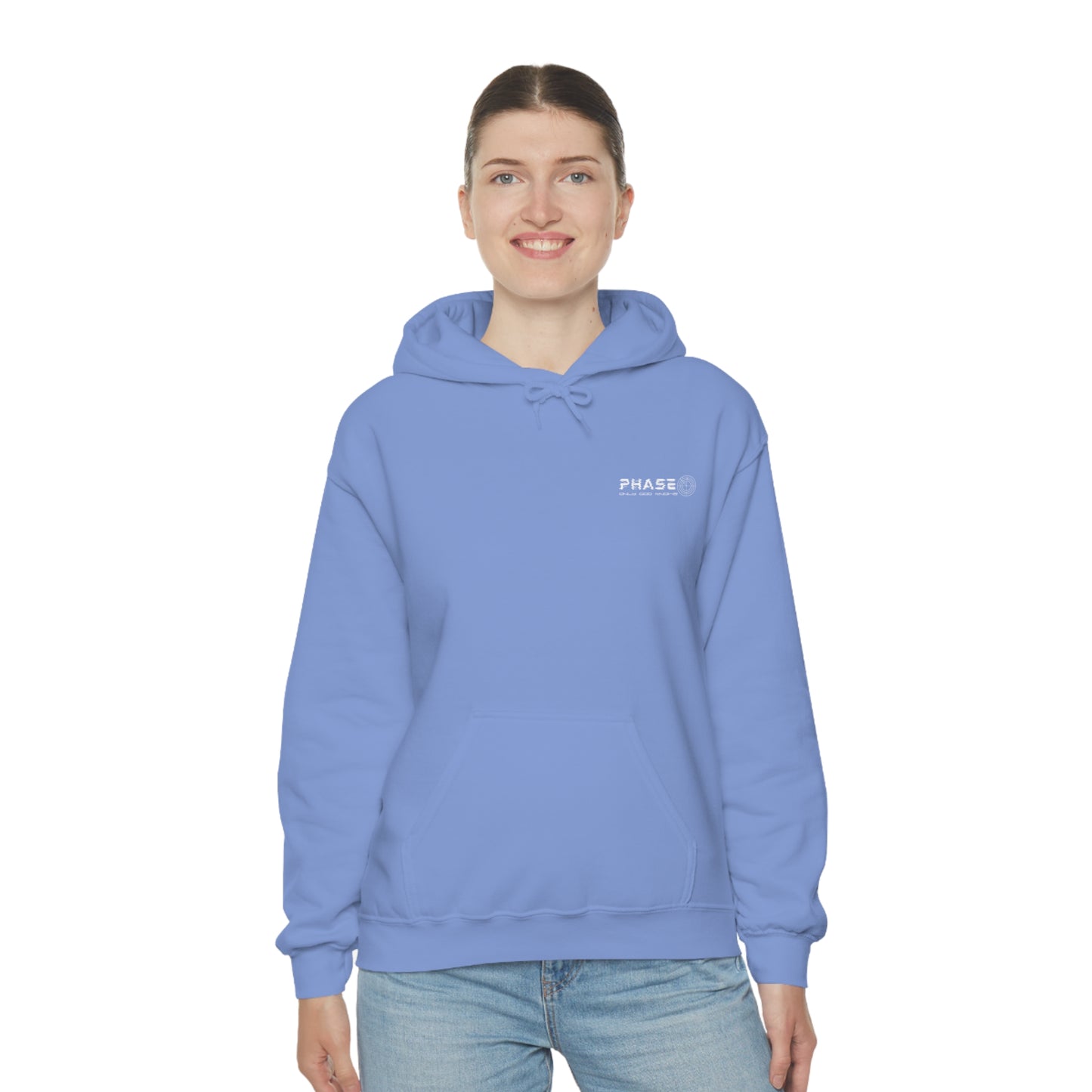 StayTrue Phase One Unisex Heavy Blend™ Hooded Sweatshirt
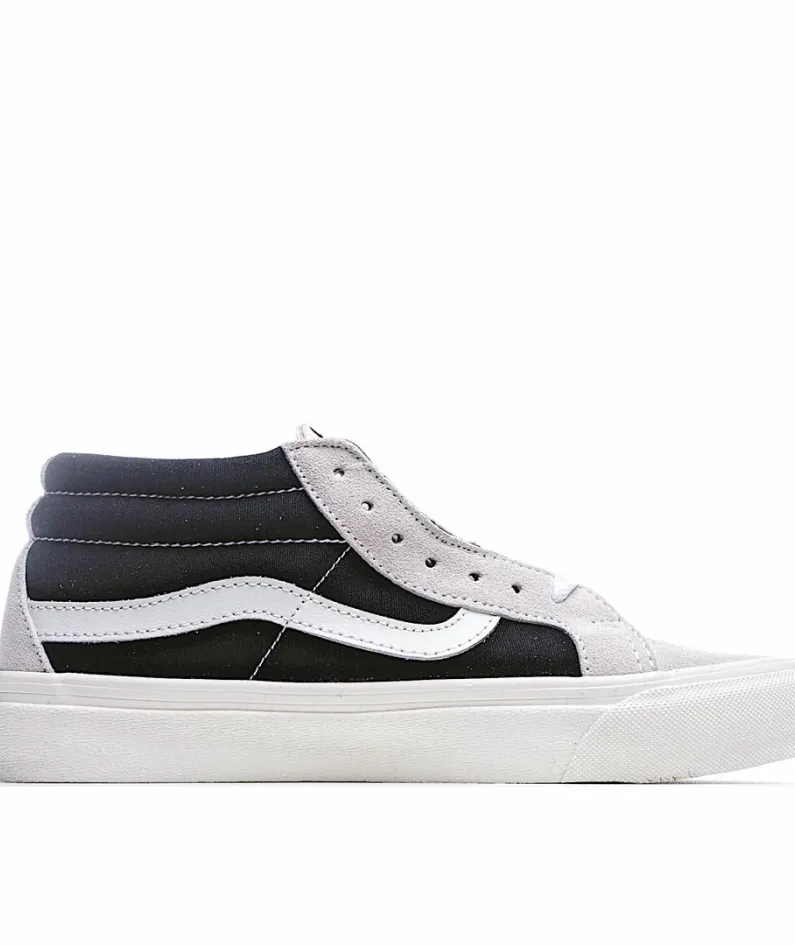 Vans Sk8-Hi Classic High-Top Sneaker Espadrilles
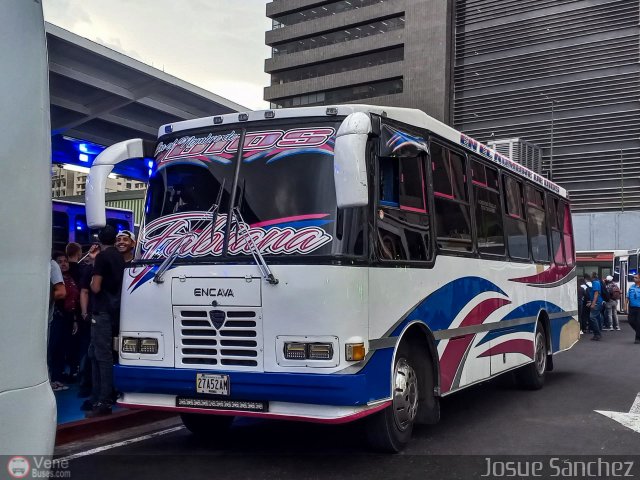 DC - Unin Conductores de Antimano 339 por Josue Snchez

WORK TO BE COMPLETED: The material should be duplicated word for word, with no images included.

FINAL ANSWER:
 StayTrue Phase One Unisex Heavy Blend™ Hooded Sweatshirt
 Vans Sk8-Hi Classic High-Top Sneaker Espadrilles
 DC - Unin Conductores de Antimano 339 por Josue Snchez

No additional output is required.